:: WHAT YOU ARE ASKED TO DO ::
Look through the entries below and extract exactly the lines from the one containing "Two recipes quick pie with canned fish" through the one containing "Ανδρική Κοντομάνικη Μπλούζα", ends included.
═════ STORED DATA
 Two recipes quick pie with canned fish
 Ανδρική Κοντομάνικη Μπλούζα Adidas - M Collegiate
══════════
═════ STORED DATA
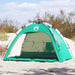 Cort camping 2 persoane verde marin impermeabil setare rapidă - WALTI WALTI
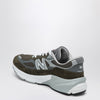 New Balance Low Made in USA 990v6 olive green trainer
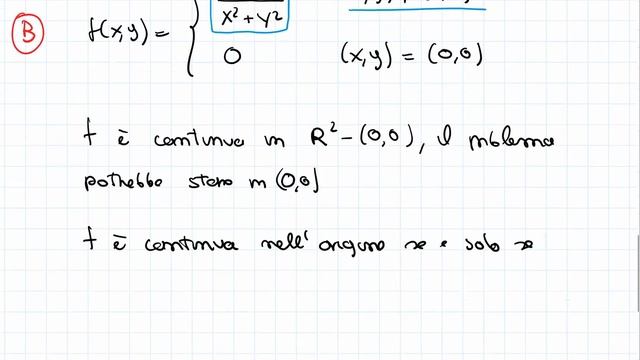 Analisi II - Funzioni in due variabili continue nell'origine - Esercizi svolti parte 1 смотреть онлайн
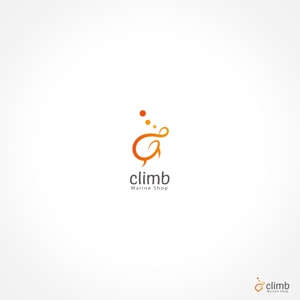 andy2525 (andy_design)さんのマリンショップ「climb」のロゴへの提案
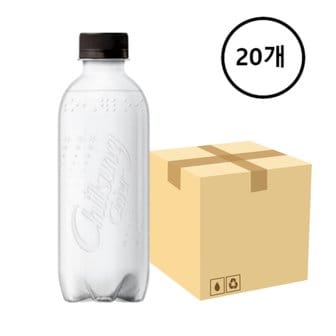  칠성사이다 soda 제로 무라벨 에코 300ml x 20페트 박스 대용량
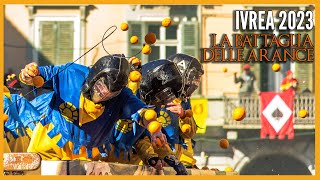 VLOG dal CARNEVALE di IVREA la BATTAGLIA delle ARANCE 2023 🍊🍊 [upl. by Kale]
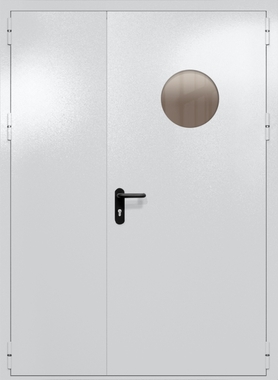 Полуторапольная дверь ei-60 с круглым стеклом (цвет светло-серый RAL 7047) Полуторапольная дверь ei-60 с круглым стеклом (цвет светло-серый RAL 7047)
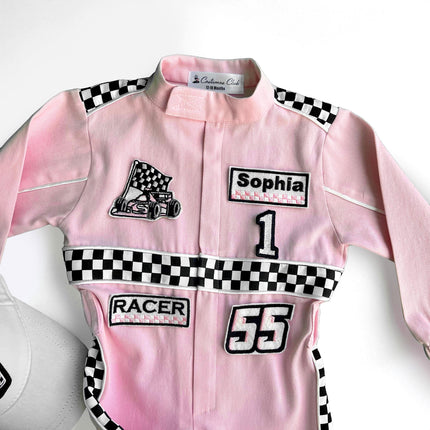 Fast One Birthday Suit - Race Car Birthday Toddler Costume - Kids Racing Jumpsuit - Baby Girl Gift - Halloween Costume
══════════
═════ STORED DATA
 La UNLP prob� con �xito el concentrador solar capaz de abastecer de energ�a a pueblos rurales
══════════
:: YOUR RESPONSE ::
 Two recipes quick pie with canned fish
 Ανδρική Κοντομάνικη Μπλούζα Adidas - M Collegiate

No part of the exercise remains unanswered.